The dilemma with recording an improvisation, and later trying to base a piece on it, is that it usually lacks structure and structure is the exact thing you are trying to impose upon it. However, if I like it enough to try to make it into an established piece, then it's probably true that I like it almost the way it is, so I'm compelled to find some structure inherent in the piece. So that becomes the bulk of the work. It's essential, then, I find, to break it down into parts first and then start notating it. At first I wasn't doing this. I was simply trying to relearn what I had played and then reproduce it from memory. This is essentially cutting corners and the one thing I've learned about cutting corners is that it never gets quicker results.
After having had so many distractions that made me get away from the computer and start thinking of things in a broader sense, I now see the separate pieces in my head and I know how to reassemble the piece. I was thinking of it originally as a minimalist piece and not simply a through-composed work. But my methods in attempting to reproduce a clean take would have made it seem otherwise. Now I'm going back to seeing it as a minimalist piece again and I see why it works.
A minimalist piece is typically characterized by a repeating pattern that is layered over time with new patterns in different parts. What I decided I need to do was find the patterns in my own piece and cut the piece up and start from there. Now, there are certain pieces that you can tell when listening to that a pattern is repeating, often because the pattern is short and simple. Though this can become boring after a while, minimalist pieces do generally become complex however when these new patterns are introduced. This is, in my opinion, how they work so well, despite seeming so simple. The complexity is not in contrasting sections but in the denseness of layers and the new ideas that can be created by putting two patterns on top of each other.
However, since I'm playing this piece on one instrument, there's little room for layering of patterns. So what I've decided to do is find the patterns that fit together and could go over top of one another and stretch them out end to end. That's, after all, how the improv worked so well. It consisted of patterns laid end to end, the tonality of which never changed throughout the piece. These patterns ended up being of roughly the same length and similar in their dynamic arc as well. So in that regard, it felt like some aspect of each pattern was repeated throughout the improv. This also gives me flexibility as well. Once I've found the patterns and set them apart from each other, I can try putting them together in different ways to see what I come up with.
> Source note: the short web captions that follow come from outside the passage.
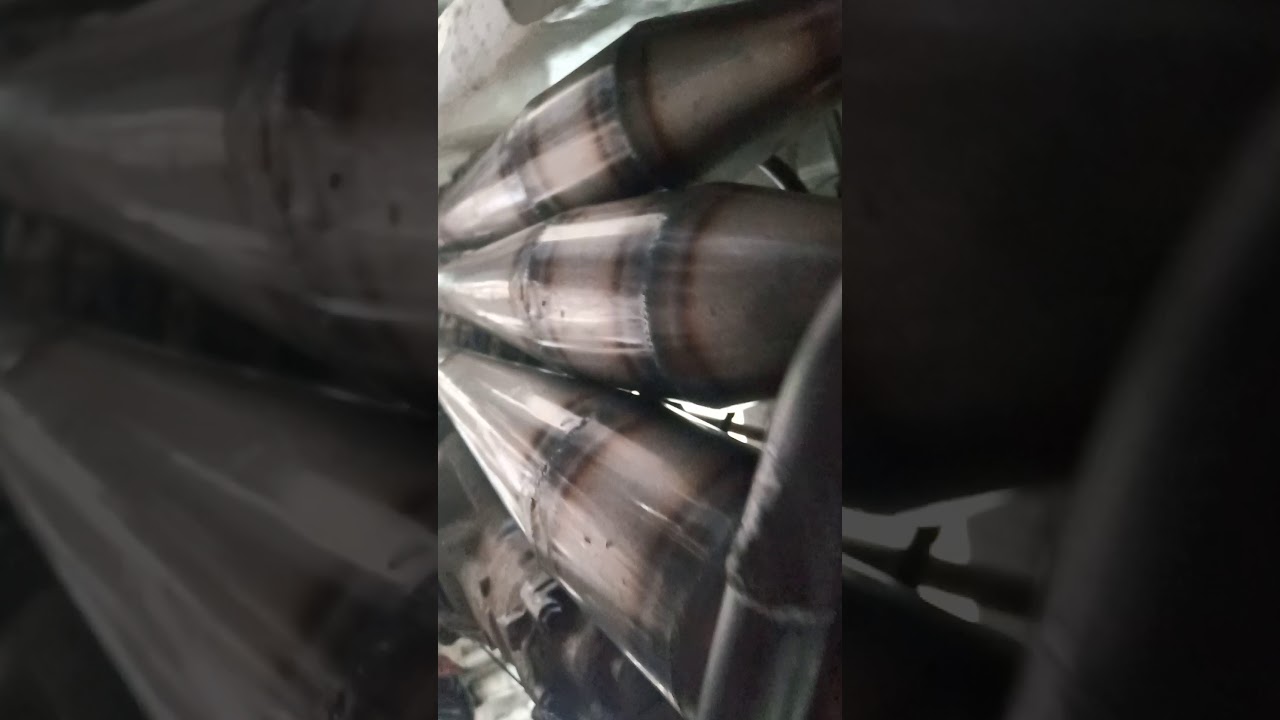 Knalpot 3&3 untuk mobil SUZUKI TRUNTUNG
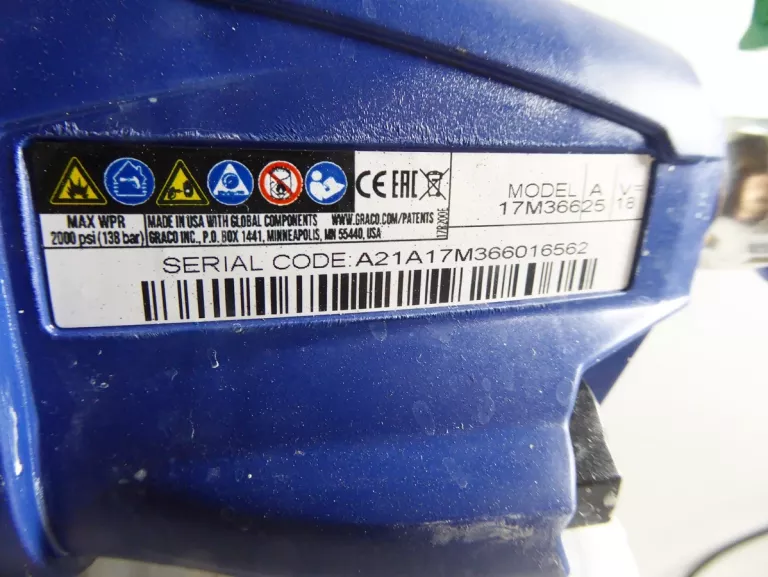 pistolet-ultra-graco-17m366-w-torbie-zasilanie-elektryczne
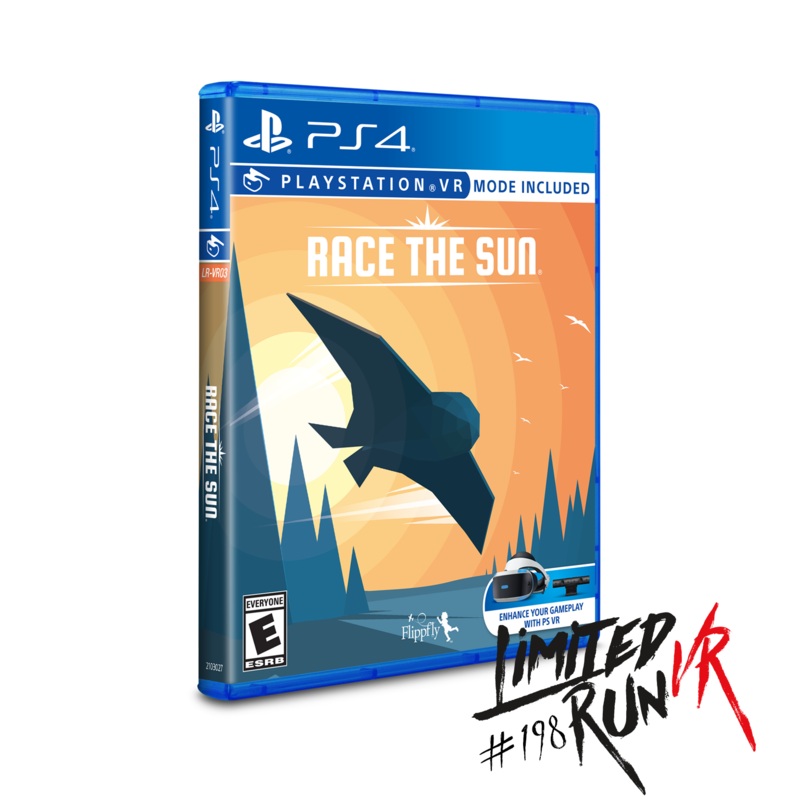 Race The Sun [Limited Run Games] (Playstation 4 / PS4)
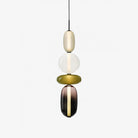 Glass Pendant Light - Colored Candy Glass Ceiling Lamp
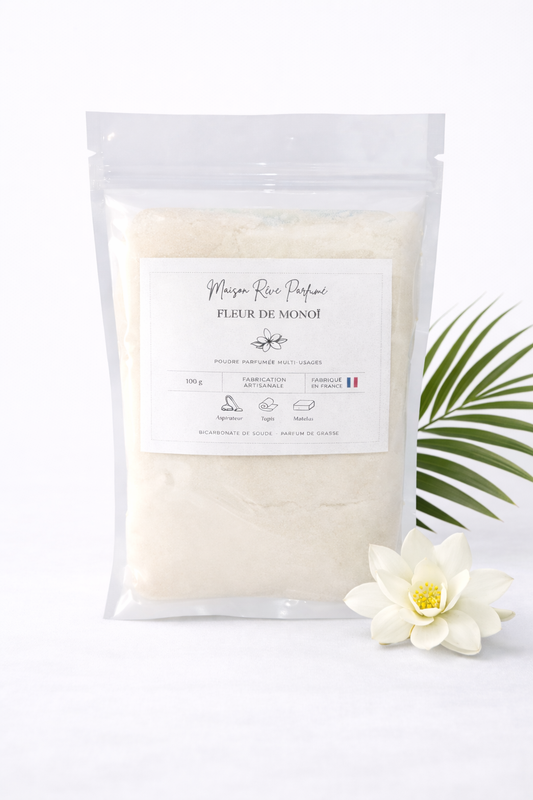 Poudre parfumée Multi usage Fleur de Monoi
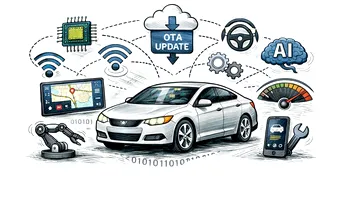 Inovație în industria auto: Cum transformă software-ul mașina într-un gadget pe roți?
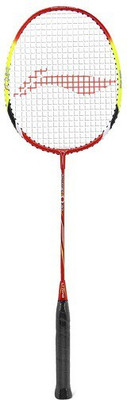 

Li-Ning Q30 Badminton Strung Racket Blue, Red Strung Badminton Racquet(G5 - 3 Inches, 180 g)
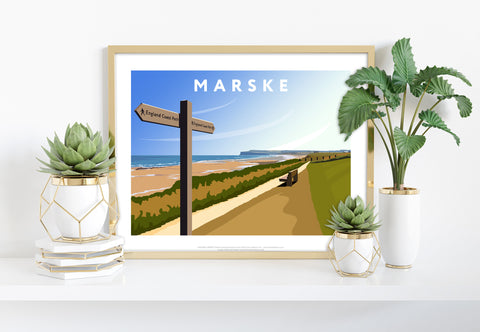Marske By Artist Richard O'Neill - 11X14inch Premium Art Print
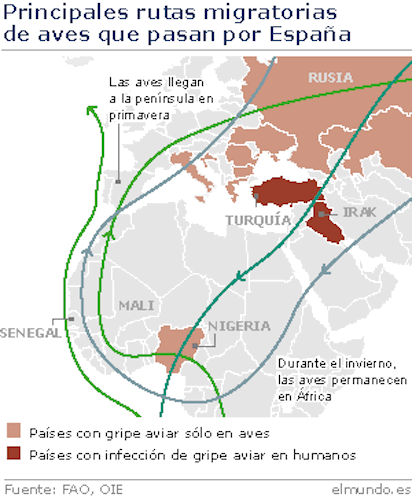 AVES MIGRACIONEWS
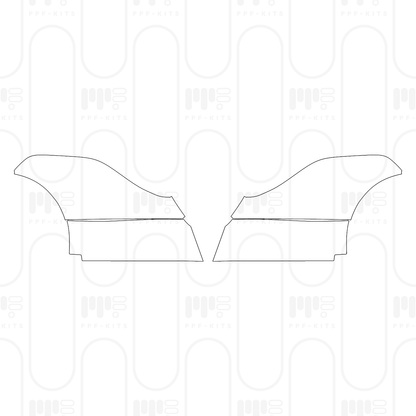 PPF prédécoupé Toyota GR Yaris 2024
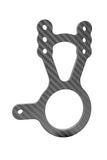 KING RACING PRODUCTS 1480 Carbon Steering Mount Water Man Shut Off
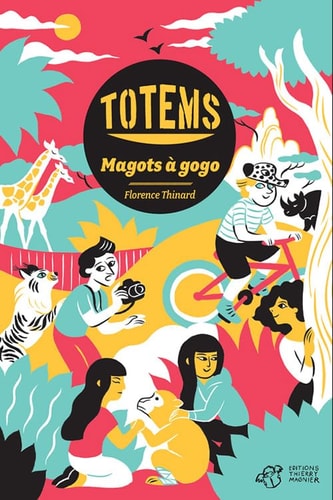 TOTEMS TOME 1, de Florence Thinard | portada del libro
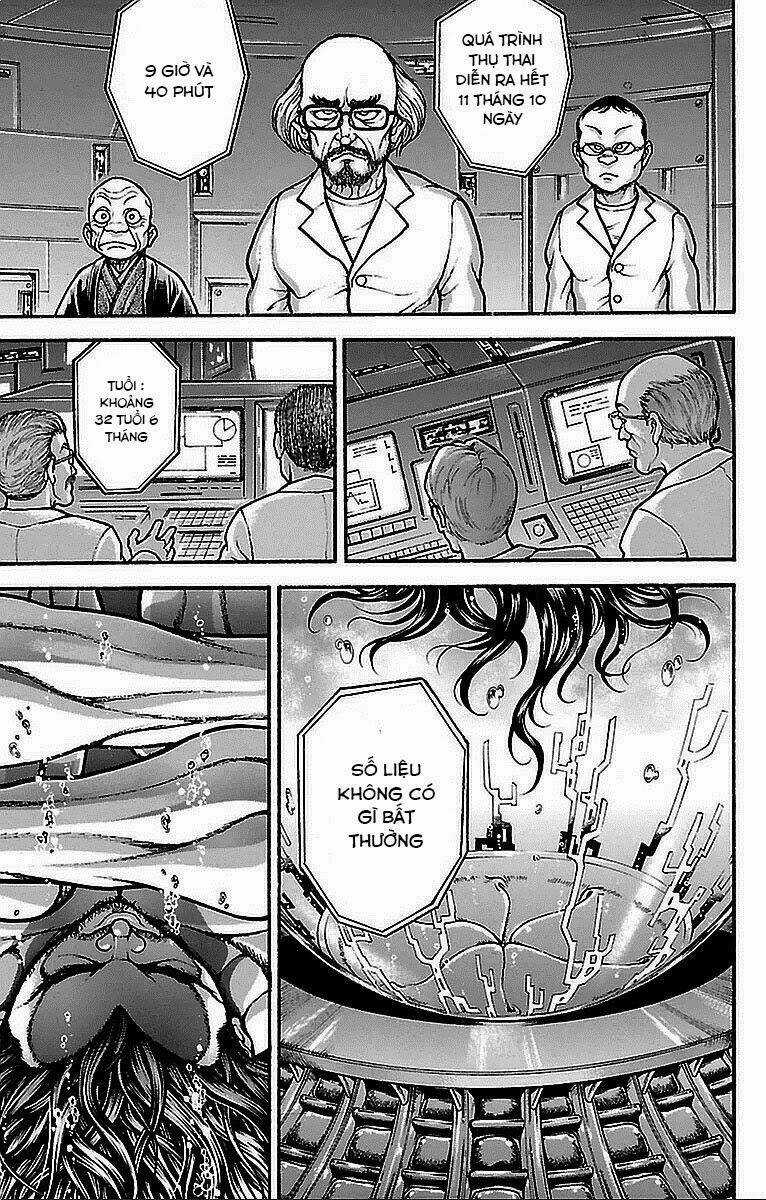 Baki Dou Chapter 9 trang 25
I hope this hasn't sounded like the ramblings of a mad man. At any rate, hopefully, I'll push through and finish this within the week. Before I go, I'll tell you about another awesome brain wave that came out of my computer not doing what it was supposed to. I was trying to overdub a guitar part and then apply the processing to it afterward but for some reason I was having a latency issue again, so I just put the guitar down. Then in a stroke of genius, I applied the processing (which is meant for guitar being it a guitar amp simulator) to the original take of the piano and mixed the two, varying the volume of each one relative to the other throughout. It sounded awesome! I might not need to add a guitar part at all.